Ultimately, the heterogeneous image material and the use of three different health care professionals both add to the generalizability and thus constitute strengths of the study. The blinding of the readers, the use of simple and easily comprehensible classifications along with regular encouragement to follow the evaluation manual, are other important strengths of the study.

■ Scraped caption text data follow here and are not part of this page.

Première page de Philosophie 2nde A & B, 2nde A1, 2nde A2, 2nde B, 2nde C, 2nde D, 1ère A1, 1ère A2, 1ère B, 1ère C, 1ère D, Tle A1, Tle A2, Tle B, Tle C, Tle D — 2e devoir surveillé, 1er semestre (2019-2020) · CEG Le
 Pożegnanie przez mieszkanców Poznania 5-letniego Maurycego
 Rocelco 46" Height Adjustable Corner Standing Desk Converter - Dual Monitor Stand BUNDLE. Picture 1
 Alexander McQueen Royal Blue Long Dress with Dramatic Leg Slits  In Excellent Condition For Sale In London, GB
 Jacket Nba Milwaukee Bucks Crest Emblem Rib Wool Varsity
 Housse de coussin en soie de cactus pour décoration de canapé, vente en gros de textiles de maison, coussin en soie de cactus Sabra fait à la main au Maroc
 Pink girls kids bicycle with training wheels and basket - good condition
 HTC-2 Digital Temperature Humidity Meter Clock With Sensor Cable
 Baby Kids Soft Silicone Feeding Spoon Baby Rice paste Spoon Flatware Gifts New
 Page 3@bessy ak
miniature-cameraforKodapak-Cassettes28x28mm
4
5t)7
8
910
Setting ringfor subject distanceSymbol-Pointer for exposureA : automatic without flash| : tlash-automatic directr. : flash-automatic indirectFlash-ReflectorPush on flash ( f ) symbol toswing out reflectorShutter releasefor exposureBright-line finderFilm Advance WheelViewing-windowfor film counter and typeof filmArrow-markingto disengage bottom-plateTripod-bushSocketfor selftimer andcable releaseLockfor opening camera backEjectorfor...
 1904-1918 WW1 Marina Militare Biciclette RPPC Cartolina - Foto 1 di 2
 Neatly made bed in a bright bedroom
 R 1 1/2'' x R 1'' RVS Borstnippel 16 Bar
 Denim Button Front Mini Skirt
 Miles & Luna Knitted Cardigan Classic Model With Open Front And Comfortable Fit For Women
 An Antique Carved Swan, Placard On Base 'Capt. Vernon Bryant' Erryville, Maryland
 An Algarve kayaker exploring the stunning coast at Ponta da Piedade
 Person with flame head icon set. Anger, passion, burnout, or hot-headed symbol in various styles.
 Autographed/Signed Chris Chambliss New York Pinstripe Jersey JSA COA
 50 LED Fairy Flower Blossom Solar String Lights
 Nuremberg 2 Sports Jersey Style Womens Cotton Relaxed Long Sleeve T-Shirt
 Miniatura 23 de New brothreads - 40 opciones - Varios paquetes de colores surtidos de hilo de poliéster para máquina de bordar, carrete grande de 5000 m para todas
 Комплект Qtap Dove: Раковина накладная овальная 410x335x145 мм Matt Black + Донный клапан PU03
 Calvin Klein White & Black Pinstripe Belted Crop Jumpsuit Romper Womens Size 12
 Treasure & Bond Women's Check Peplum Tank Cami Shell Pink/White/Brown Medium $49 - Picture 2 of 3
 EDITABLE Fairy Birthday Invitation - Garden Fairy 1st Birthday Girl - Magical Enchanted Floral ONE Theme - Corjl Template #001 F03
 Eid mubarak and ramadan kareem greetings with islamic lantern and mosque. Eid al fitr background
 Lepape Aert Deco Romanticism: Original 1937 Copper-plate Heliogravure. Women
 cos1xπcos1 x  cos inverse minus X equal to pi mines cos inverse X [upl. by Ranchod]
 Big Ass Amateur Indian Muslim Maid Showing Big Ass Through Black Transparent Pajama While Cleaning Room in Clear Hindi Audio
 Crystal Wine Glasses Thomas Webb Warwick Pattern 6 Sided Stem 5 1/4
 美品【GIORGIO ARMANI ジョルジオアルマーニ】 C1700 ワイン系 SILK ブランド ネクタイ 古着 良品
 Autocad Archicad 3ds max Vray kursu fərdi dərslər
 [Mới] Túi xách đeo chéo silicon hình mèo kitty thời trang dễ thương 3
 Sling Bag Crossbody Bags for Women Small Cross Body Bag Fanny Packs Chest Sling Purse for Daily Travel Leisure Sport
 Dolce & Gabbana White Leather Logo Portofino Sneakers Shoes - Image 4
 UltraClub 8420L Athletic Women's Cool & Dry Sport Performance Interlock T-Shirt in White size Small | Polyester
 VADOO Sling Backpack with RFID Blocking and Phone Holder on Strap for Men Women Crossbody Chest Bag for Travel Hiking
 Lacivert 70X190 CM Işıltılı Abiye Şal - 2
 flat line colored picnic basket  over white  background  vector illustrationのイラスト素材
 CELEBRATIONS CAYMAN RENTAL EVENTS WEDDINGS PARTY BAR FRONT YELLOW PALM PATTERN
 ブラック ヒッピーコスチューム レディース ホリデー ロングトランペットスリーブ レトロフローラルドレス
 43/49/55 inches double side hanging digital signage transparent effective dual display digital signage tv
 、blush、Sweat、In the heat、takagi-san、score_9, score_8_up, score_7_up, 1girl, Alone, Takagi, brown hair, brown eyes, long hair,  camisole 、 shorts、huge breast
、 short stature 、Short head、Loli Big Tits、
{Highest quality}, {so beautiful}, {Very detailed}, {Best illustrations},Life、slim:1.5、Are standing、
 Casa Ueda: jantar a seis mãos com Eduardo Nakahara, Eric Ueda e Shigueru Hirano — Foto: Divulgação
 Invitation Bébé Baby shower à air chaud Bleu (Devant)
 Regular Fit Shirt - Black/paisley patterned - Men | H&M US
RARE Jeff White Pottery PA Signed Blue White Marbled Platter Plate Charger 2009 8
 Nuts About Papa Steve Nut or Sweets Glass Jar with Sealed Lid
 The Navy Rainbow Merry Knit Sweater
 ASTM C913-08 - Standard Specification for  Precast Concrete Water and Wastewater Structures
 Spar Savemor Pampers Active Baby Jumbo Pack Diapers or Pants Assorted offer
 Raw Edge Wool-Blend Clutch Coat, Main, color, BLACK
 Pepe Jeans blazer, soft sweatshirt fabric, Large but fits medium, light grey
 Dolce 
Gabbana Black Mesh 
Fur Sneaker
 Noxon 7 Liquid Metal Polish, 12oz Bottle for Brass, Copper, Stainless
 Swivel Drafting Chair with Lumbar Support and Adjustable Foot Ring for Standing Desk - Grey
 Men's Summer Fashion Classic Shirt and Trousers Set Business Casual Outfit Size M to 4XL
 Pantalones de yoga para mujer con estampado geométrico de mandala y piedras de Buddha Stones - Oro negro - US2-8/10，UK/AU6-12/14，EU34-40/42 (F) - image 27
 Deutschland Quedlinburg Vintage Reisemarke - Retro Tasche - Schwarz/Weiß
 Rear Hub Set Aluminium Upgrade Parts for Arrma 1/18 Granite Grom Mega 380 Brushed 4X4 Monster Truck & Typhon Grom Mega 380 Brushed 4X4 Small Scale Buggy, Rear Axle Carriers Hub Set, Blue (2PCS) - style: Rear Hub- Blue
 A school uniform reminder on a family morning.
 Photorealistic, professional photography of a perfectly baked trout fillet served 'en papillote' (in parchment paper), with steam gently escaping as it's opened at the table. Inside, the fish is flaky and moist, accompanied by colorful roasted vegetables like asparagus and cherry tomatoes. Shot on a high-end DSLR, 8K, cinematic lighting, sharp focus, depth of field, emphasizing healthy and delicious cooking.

In contrast to the controlled settings of the current study, a study comparing narrative MRI reports demonstrated considerable variability [
34]. In this study [
34], a patient with low back pain and right L5 radicular symptoms had lumbar spine MRI performed at 10 different MRI centers within 3 weeks. Comparison of the 10 narrative reports revealed considerable variability; none of the 49 described findings occurred in all 10 reports and only one finding occurred in nine reports. Even if this amount of variability is unusually large [
34], it supports our clinical experience that variability also prevails in the interpretation of cervical spine MRIs. A possible way to overcome this is by using classifications sufficiently comprehensible to be applied 1) by different health care professionals and 2) when assessing heterogeneous images from different MRI scanners. Such classifications were presented in the current study. Confirmatory studies will be needed. If those studies were to involve experienced radiologists, provide proper training for lesser experienced MRI readers, and use an evaluation manual, better reliability might be achieved in clinical settings. So far, the results suggest that the evaluation of MRI findings can be used in controlled research settings studying individuals with neck pain. Suggestions for future research include comparison of reliability with and without the use of an evaluation manual. Also, including more than one of each health care professional could allow for comparison of experience levels both among and within different types of health care professionals.